After all genes have been "compiled", the one Node can be popped from a stack and used as our program. We choose the stack that corresponds to the data type which we want our program to produce.

Below is a Push trace of proccessing the above genome. You can see that the Push state starts off with no stacks. Stacks are added as new `Expression` return types are encountered. Also, notice how collection types don't need to be treated any differently than atomic types.

Step 2 applies evaluated the `str_split(str,str)->Sequence[str]` Expression. The expression require 2 str arguments. There are already 2 Expression Nodes that return sstrings on the `str` stack. Those nodes are consumed and used as the children to the `str_split` expression, which is placed on the `Sequence[str]` stack (see step 3).

After Push evaluation, we take ask the interpreter/compiler to pop the top Node off the `Expression[String]` stack and convert it into an `Expression[Tree]` that acts as our program.

In [4]:
program = push.run(genome, str)

0 - Evaluating ' ':str

1 - Evaluating symbol:text:str
str : [Node<' ':str>]

2 - Evaluating str_split(str,str)->Sequence[str]
str : [Node<symbol:text:str>, Node<' ':str>]

3 - Evaluating False:bool
str : []
Sequence[str] : [Node<str_split(str,str)->Sequence[str]>]

4 - Evaluating first(Sequence[str])->str
str : []
Sequence[str] : [Node<str_split(str,str)->Sequence[str]>]
bool : [Node<False:bool>]

5 - Evaluating symbol:times:int
str : [Node<first(Sequence[str])->str>]
Sequence[str] : []
bool : [Node<False:bool>]

6 - Evaluating str_repeat(str,int)->str
str : [Node<first(Sequence[str])->str>]
Sequence[str] : []
bool : [Node<False:bool>]
int : [Node<symbol:times:int>]

7 - Evaluating int_add(int,int)->int
str : [Node<str_repeat(str,int)->str>]
Sequence[str] : []
bool : [Node<False:bool>]
int : []



We can visualize the program as a tree. This is much easier for humans to understand than a traditional Push program.

In [5]:
program.pprint()

 - str_repeat(str,int):str
 |  - first(Sequence[str]):str
 |  |  - str_split(str,str):Sequence[str]
 |  |  |  - symbol:text:str
 |  |  |  - ' ':str
 |  - symbol:times:int


Let's test out our program. Recall the signature was `(text: str, times: int) -> str`.
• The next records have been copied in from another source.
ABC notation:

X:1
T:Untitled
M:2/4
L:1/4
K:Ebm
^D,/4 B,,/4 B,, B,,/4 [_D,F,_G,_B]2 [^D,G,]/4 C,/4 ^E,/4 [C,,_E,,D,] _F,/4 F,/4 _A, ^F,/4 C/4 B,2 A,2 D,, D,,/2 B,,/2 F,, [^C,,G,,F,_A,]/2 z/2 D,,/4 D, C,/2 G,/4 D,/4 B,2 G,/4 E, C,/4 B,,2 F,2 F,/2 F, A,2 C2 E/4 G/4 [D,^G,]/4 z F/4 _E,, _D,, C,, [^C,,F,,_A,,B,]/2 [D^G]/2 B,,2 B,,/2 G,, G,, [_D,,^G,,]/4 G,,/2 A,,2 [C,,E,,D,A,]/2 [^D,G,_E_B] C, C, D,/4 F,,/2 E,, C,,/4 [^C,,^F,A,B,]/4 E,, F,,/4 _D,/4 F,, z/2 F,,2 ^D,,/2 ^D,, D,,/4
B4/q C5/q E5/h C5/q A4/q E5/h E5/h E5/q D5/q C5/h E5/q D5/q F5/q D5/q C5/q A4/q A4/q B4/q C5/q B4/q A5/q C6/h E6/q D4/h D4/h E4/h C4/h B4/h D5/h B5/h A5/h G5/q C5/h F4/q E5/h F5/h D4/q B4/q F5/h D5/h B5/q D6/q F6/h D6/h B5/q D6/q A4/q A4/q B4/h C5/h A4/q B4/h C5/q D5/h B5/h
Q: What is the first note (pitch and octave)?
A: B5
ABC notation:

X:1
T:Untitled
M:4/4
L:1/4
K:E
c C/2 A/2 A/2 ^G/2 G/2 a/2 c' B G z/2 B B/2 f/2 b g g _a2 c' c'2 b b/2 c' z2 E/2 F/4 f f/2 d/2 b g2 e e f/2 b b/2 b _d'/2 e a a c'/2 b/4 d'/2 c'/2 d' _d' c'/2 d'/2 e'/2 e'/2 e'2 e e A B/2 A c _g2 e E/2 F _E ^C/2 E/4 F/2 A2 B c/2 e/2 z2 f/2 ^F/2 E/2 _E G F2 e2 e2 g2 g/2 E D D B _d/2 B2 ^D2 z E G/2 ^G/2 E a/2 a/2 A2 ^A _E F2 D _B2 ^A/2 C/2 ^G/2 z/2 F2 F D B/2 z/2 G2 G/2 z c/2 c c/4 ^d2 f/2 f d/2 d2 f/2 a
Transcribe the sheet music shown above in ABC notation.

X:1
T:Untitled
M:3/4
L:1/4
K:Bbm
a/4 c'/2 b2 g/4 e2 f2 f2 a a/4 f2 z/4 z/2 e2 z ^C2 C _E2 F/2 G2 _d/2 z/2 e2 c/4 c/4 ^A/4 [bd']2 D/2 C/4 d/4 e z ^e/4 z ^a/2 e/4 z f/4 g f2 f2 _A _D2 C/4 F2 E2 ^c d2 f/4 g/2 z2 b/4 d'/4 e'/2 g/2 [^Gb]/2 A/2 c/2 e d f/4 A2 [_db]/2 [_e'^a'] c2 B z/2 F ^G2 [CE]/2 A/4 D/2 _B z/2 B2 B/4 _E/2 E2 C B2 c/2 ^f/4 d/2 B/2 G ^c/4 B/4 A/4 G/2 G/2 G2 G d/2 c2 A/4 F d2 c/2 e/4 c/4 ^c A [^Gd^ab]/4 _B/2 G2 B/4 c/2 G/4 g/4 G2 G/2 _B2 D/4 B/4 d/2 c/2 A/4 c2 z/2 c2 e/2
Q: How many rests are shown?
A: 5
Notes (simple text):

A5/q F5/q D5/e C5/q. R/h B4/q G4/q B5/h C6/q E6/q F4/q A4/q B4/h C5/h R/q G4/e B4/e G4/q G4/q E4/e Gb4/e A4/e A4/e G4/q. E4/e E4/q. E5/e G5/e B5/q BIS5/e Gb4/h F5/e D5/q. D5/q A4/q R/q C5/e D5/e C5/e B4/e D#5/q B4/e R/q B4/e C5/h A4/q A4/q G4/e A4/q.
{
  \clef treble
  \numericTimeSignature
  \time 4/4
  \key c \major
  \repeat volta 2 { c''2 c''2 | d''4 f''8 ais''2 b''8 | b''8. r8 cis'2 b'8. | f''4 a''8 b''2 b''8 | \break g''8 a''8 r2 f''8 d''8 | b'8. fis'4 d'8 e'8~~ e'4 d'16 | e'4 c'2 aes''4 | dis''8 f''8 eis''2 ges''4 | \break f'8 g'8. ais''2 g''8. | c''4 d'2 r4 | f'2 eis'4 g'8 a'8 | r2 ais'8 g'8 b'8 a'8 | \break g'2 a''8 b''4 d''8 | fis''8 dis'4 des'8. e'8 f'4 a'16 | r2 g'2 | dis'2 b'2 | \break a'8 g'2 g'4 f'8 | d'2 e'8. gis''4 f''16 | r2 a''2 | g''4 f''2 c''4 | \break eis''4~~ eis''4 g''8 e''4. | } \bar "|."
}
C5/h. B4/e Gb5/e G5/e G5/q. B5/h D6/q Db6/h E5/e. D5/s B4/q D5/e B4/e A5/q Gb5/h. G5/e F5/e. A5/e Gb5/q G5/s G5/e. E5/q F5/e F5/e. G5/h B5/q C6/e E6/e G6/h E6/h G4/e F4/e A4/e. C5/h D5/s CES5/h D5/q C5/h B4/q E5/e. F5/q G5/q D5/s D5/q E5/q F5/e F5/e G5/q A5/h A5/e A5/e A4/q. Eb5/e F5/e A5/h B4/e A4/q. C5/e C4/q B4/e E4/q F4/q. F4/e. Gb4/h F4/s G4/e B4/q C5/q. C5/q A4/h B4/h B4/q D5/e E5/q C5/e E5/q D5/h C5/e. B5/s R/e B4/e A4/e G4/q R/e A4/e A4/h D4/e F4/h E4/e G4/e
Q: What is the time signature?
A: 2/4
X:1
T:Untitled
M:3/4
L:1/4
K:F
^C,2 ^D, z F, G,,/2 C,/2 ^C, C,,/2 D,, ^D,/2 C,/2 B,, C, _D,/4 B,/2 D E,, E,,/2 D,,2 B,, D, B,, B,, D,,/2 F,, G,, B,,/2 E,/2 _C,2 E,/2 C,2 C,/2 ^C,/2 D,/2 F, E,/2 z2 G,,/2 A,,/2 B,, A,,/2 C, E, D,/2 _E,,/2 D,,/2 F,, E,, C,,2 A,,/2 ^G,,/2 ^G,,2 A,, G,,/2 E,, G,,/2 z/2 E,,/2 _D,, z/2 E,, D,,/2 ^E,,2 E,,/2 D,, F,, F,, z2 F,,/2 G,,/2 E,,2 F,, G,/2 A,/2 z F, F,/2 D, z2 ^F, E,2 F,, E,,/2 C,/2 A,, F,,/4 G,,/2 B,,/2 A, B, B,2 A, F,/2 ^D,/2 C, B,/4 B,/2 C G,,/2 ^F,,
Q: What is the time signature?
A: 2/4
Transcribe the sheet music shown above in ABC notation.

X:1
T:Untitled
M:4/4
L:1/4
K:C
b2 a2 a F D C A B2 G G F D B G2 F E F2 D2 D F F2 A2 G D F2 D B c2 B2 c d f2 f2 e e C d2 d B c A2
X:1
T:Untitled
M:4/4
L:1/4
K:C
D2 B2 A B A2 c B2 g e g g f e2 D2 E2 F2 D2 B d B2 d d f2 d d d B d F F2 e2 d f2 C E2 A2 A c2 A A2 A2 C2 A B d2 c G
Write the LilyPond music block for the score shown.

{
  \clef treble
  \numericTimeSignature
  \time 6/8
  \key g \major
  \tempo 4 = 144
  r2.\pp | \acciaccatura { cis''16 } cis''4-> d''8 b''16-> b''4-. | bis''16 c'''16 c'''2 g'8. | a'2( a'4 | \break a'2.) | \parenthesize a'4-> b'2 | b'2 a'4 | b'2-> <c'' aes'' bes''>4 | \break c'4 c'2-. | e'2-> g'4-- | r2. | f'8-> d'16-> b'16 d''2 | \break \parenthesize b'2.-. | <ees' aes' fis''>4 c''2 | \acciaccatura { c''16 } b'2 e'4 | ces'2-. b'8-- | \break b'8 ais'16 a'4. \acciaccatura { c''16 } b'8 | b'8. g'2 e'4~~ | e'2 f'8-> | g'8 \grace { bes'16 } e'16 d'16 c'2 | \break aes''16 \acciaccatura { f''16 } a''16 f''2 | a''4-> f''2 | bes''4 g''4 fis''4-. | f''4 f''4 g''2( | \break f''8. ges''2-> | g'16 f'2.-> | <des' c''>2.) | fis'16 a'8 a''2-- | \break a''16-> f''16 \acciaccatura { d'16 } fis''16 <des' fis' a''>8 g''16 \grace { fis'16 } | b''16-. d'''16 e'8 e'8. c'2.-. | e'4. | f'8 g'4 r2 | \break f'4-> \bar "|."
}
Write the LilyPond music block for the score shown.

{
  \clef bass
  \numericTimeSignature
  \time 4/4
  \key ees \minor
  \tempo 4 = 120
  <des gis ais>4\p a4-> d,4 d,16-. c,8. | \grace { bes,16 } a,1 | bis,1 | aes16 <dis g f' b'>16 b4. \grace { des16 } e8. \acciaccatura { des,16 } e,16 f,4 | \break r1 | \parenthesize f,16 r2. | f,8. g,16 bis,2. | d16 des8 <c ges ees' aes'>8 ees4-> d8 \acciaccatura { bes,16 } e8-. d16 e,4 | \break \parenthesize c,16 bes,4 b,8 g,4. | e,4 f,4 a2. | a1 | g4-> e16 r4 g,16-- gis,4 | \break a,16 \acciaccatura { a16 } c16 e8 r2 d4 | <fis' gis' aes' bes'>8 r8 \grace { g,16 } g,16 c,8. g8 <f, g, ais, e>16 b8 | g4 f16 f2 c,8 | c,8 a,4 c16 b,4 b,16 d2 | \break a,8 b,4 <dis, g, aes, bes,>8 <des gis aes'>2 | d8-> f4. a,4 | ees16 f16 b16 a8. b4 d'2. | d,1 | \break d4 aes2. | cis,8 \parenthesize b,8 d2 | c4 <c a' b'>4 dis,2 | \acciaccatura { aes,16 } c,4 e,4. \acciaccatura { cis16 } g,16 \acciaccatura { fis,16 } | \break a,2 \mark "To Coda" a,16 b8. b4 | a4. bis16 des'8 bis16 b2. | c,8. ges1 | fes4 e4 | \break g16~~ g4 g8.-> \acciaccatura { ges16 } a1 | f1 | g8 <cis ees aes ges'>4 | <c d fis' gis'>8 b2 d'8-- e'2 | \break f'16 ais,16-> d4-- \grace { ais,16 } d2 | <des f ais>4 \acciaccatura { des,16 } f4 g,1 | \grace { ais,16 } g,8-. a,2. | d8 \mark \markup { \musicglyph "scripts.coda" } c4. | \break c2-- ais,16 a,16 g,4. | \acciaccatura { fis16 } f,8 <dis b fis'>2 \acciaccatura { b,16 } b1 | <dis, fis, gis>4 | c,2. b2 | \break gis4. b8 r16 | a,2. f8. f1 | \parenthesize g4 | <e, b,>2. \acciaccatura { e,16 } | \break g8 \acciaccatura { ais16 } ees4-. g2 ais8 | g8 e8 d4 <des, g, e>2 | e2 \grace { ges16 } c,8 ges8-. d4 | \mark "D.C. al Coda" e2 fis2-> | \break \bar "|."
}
This does not require Push, and should be much faster to execute. 

In [6]:
program.eval("Hello World", 2)

'HelloHello'

In [7]:
program.eval("Hi", 3)

'HiHiHi'

### Generating Python Source Code

The program seems to be working, but there's more! If we give the program a name and some argument names we can generate source code! 

In [8]:
code = program.to_code(
    function_name="repeat_first_word", 
    args=[("text", str), ("times", int)]
)
print(code)

def repeat_first_word(text: str, times: int) -> str:
    return str_repeat(first(str_split(text, ' ')), times)


## Test out the generated code

In [9]:
def repeat_first_word(text: str, times: int) -> str:
    return str_repeat(first(str_split(text, ' ')), times)

In [10]:
repeat_first_word("Hello World", 2)

'HelloHello'

In [11]:
repeat_first_word("Hi", 3)

'HiHiHi'

## Some Commens and Concerns

#### Less control over behavior

We no long control the behavior of the "atomic" code units.  Clojush controls instruction implemenations. Unless we implement safe functions to use in genomes, doing evolution this way will re-introduce the possibility of runtime errors.

#### What about the exec?

In this system, we don't have the ability to use the exec stack for control flow because Push is only building the program. To maintain control flow in our programs, we would need to capture it in the DAG (:barf:) or in the functions. This might not be so bad with the addition of collections and higher order functions.

The exec stack might still have a use. Including iteration in the Push evaluation would create redundancy in the DAG/tree which might help evolution.